Be watchful, be alert!

(Mark 13:33-37)
Advent is one of my favorite times of the year. Advent is about prayer and waiting and preparing for the coming of Christ. It’s about living in hope and peace, turning to God, getting ready, living in expectation, and keeping watch.
This passage from the end of the Gospel of Mark has Jesus’ final words just before he is arrested and killed: “Be watchful, be alert, stay awake, what I say to you, I say to all, Watch!” So advent is about keeping watch for Christ.
On this first Sunday of Advent, the Gospel invites us to be contemplatives, to be people of prayer, to be wide awake, to never sleep, to be spiritual insomniacs for Christ, always on the lookout for Christ, loving and serving one another, generous and alert.

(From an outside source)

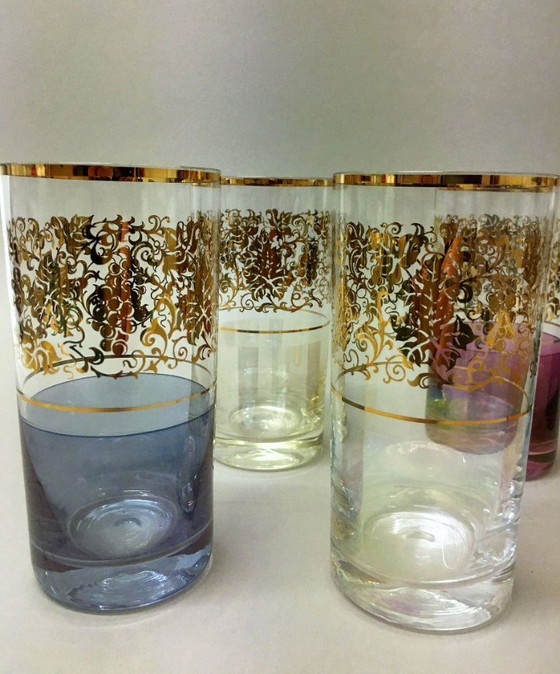 Image 1 of 6 bicchieri colorati / Borocrystal / Cecoslovacchia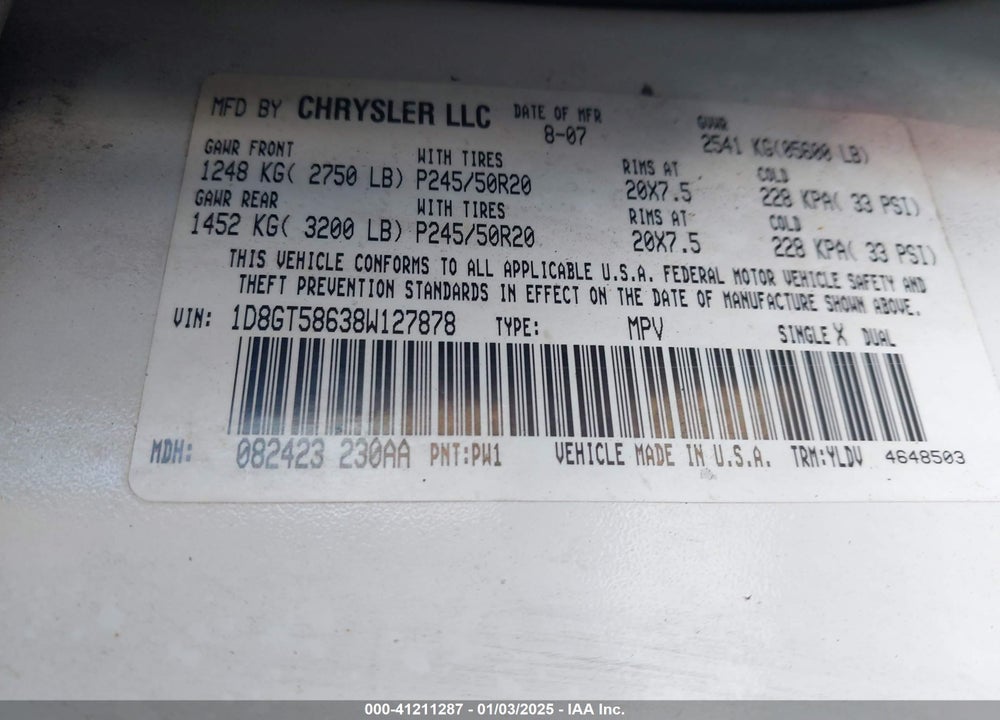 2008 DODGE NITRO SLT/RT VIN: 1D8GT58638W127878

I would like to propose that each one of us take fifteen minutes or more of silent contemplative prayer each day from now to Christmas. I’m not talking about reading the Bible or saying the rosary or going to Mass or praying in your truck as you drive through the desert. I presume we will still do that.
I’d like to invite us to take time in the morning or evening, to light a candle, sit in a chair, close our eyes, take a deep breath, and try to imagine you are with God. Perhaps imagine that Jesus is sitting there next to you. Imagine Jesus looking at you. What does he look like? What does he say to? Maybe God says simply, “I love you, I’m with you, I’m happy to be with you. I want you to be with me.”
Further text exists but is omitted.